B. Audience Characteristics

A crypto-initiated audience will have an easier time accessing your product for the first time. 

But this audience is also likely to be primarily financially motivated. Early-stage crypto projects are risky, so potential returns have to be high enough to justify the risk. High single-digit returns might be enough, depending on the asset - low single digits are probably not. 

If there’s no gold, the 9,736 “unique” wallets in this photo are headed to different hills.

If incentives you add are not a core aspect of your offering, it will be much harder to differentiate whether people are actually interested in your solution, or simply taking advantage of the promo (but to be clear, it’s probably the promo).  

Otherwise, a crypto audience will generally have more:  

Builders:

Crypto has a disproportionate number of builders and enthusiasts. People exploring out of a general interest in what’s being built - for inspiration on their own project, a potential job at your company, or to build their own reputation in the space - rather than a direct need for what you’re making. It’s still a very good thing to have people interested like this - they can help refer others, provide feedback, and identify issues - just keep in mind that the smaller your user base, the greater the percentage of your audience this will be. 

Airdrop Hunters:

Many “real” crypto users are simply looking for airdrops and farming opportunities - that’s where the space has “found” market fit right now. If there’s any chance you’ll do an airdrop later, or you have a token from the start, they want to make sure their wallet is connected and they’ve completed any core actions likely to qualify them for a reward. They may try to do this through multiple wallets, or as many wallets as they can. 

Incentive Farmers:

If you’re offering any kind of referral reward or incentive with actual value, you should build in a fixed cost for participating - if you’re interested in even pretending you have unique users. If your program can be exploited, it will be, programmatically, until all rewards are gone.

Men, 20-45 years old: 

There are exceptions, but crypto users on average are still predominantly male, educated, and 20 - 45 years old. Your audience is likely to skew male and toward a pretty stereotypical “crypto” demographic.   

My advice, with this in mind: 

  • Collect contact information: You don’t have to require this, but it will help you in actually reaching your audience to understand usage, validate hypotheses, and improve your core offering. Having even limited contact information will allow you to warn people about bugs, nurture new users, introduce product updates, send announcements, and maybe even reactivate people later if they churn. If you require it, you’ll have a more accurate count of unique users - if that matters to you.

  • Target for more than just crypto-initiation: If you target for only a general interest in crypto, you will reach a lowest-common-denominator segment of people only looking for quick money. Target based on your competitors, AND relevant topics, accounts, or influencers.
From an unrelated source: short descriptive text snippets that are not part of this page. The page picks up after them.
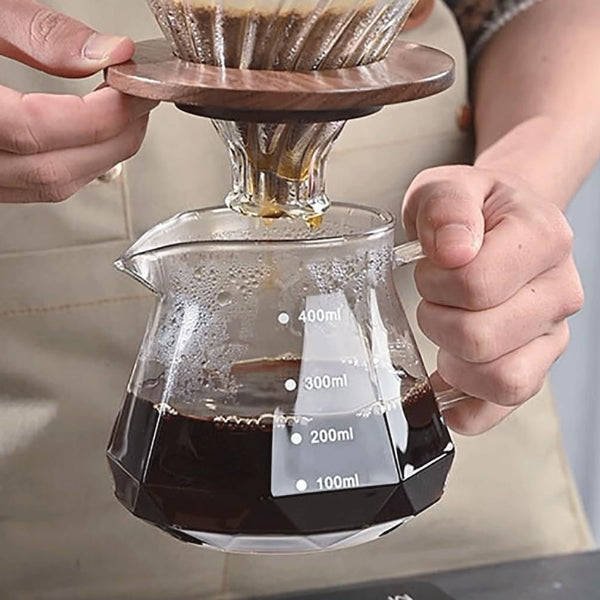 Borosilicate Glass Pot - Diamond Fashion Design Borosilicate Glass Carafe Pot with Lid - 600ml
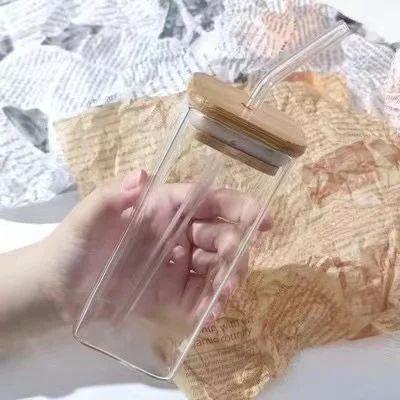 Uplift Treasures Square Heat Resistant Glass Cup With Lid And Straw bamboo Lid 400ml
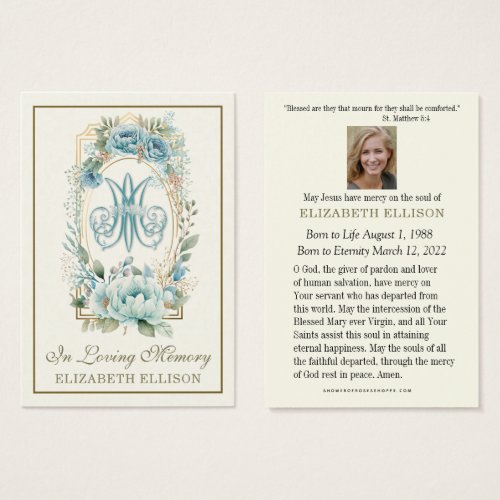 Blue Floral Virgin Mary Funeral Prayer Card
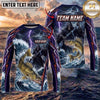 (13 Breeds) Maxcorners Fishing Purple Black Thunder Lightning Grim Reaper Bass Design Custom Name & Team Name 3D Shirts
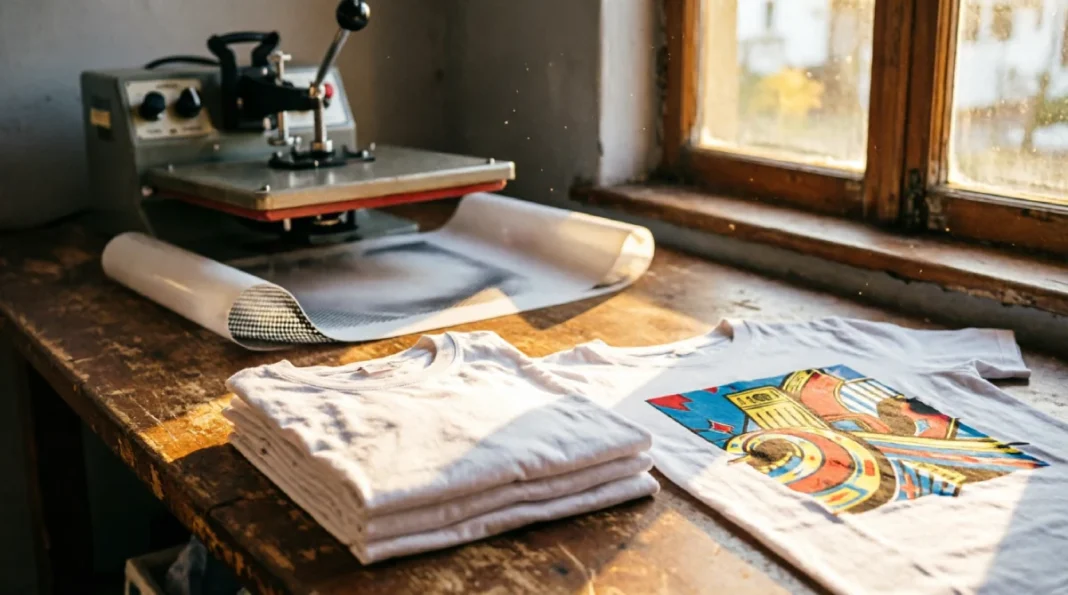 A warm, nostalgic workshop scene featuring a heat press, a roll of DTF transfer film, and a stack of freshly printed custom t-shirts on a rustic wooden workbench, illustrating wholesale DTF printing for small apparel brands.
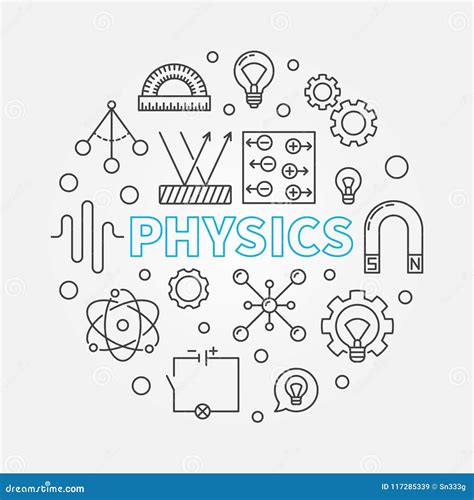 Physics Vector Round Education Outline Illustration Stock Vector ...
Include demographic requirements, your geographic focus, and anything else relevant to the core value (see next section) of what you’re building. 

TL;DR Part 2B:

  • Crypto-newbies will be significantly harder to onboard, but they also might be more authentically interested in what you’re building, if you’re building a solution - only you can answer this.  

  • A crypto-initiated audience will be able to onboard faster, but if you’re not offering asymmetric returns, they are more likely to churn (quickly), or not engage at all.

  • If you won’t be able to abstract away the “crypto” - ideally, there is a large enough cross-section of crypto-initiated users who also have an interest in what you’re doing. Facebook ads are a good way to estimate the size of this cross-section (it’s unlikely you’ll be able to run ads with them, but you can still look at the audience segment size without publishing). 

  • Either way - make your onboarding experience as easy, and as fast as possible. It’s crazy that I have to say this, but - collect contact information so that you can communicate with the people you’re building for. When conversion rates are this low, a shot at reactivation later is worth a few lost points in your conversion rate. Just do it securely. 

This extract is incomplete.